The present invention relates to software generally, and more specifically to an information search method and system.
Information is generated and accumulated at an astonishing speed. A method of effectively searching information related to a specific subject is a necessary means to resolve real-life problems. Many commercial search engines such as Google provide the function of searching internet web sites for a string of words through indexes created by their own proprietary algorithms.

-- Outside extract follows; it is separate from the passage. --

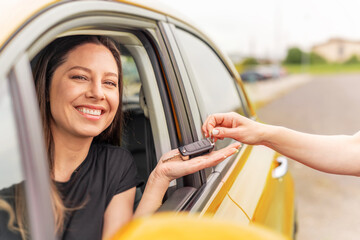 A smiling woman sitting in a yellow car receives a set of keys from another person, symbolizing a car purchase, rental, or ownership transfer.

A search engine is a program that searches documents in web sites for specified keywords and returns a list of documents where keywords were found. Typically, a search engine works by sending out spiders to automatically fetch documents in web sites and feed back to the search engine. It is called a spider because it “crawls” over the web. The search engine then reads these documents and creates indexes based on its proprietary algorithm. Due to inherit limitation of the proprietary algorithms employed by search engines, some related web sites may be neglected. After receiving a query, the search engine in fact searches the indexes rather than going out to direct search web sites again. As a result, some search results are not the latest information, although spiders periodically send back information to update indexes. In addition, concurrently searching a plurality of databases is available in the prior art.
Patents are an important portion of information that people in many industries would like to search. Patents usually cite other patents in the same or similar technology fields that are published earlier as prior art. Thus, the relationship among patents that cite or are cited by other patents indicates a certain degree of relevance among those patents. The identification of cited patents such as patent number is generally included in a patent document. Through the citation list in patent documents, a citation search is available to provide an indication among patents. For example, published United States patents have a field of “reference cited” listing other related patents as prior art. In the web site of the United States Patent and Trademark Office, the function of a basic citation search is provided.

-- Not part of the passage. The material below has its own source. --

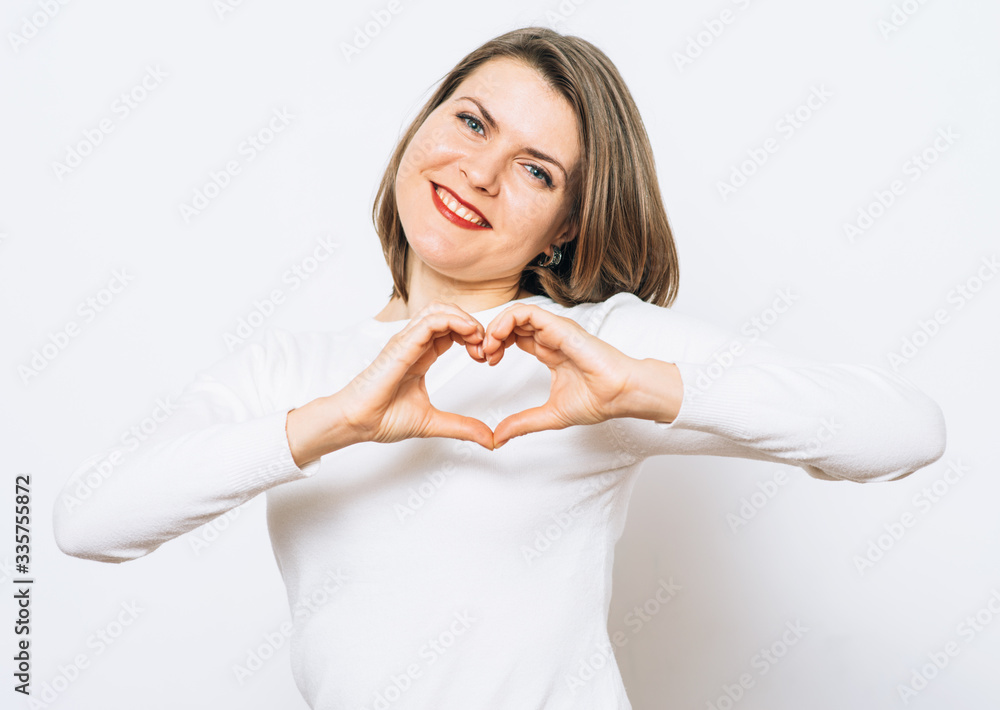 woman making a hand heart frame woman making a hand heart frame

A computer-based information search method comprises the steps of: receiving at least a search query, the search query comprising at least one term; receiving a network resource list, the list comprising at least one web site selected from a predetermined web site list; semantically analyzing the search query; and searching the network resource list for a response to the search query using a search engine. A computer-based citation search method comprises the steps of: receiving a search query, the search query comprising at least one patent identification condition; receiving a list of patent databases, the list comprising at least one patent database; searching the list of patent databases to collect at least one reference patent that cites patents or is cited by patents satisfying the condition of the search query; and producing a citation list, the list comprising at least an owner of the reference patent.
An exemplary embodiment of the present invention provides an efficient computer-based information search method and/or citation search method.
In a computer-implemented system, the step 210 is performed by a search-query receiving means that receives at least one search condition. The search-query receiving means can be a processor programmed to receive a search condition. The program can be written in any kind of computer language such as Java, C, C++, Visual C, Visual Basic, or Assembly. Various input devices that can be used to pass the data to the processor can include but are not limited to a keyboard, a mouse, a touch-screen, a writing recognition device, a voice recognition device, a storage medium reading device, a network connection, or the like.
At step 220, a network resource list is received. The network resource list comprises at least one web site selected from a predetermined web site list. A user can request to search at least one specific web site in addition to a routine search conducted by a search engine which indexes web site information by its own proprietary algorithm. Consequently, search results with high relevance can be attained because the user may have better knowledge about which web sites may contain more related information relevant to a specific search. In addition, by directly searching user-specified web sites, the most updated search result can be obtained from these web sites, compared with the search conducted by the search engine. Because the search engine searches indexes created by itself (rather than directly searching web sites) to find related web sites, and because the indexes are only updated once in a while from the information sent back by spiders, the search result from the search engine can be outdated.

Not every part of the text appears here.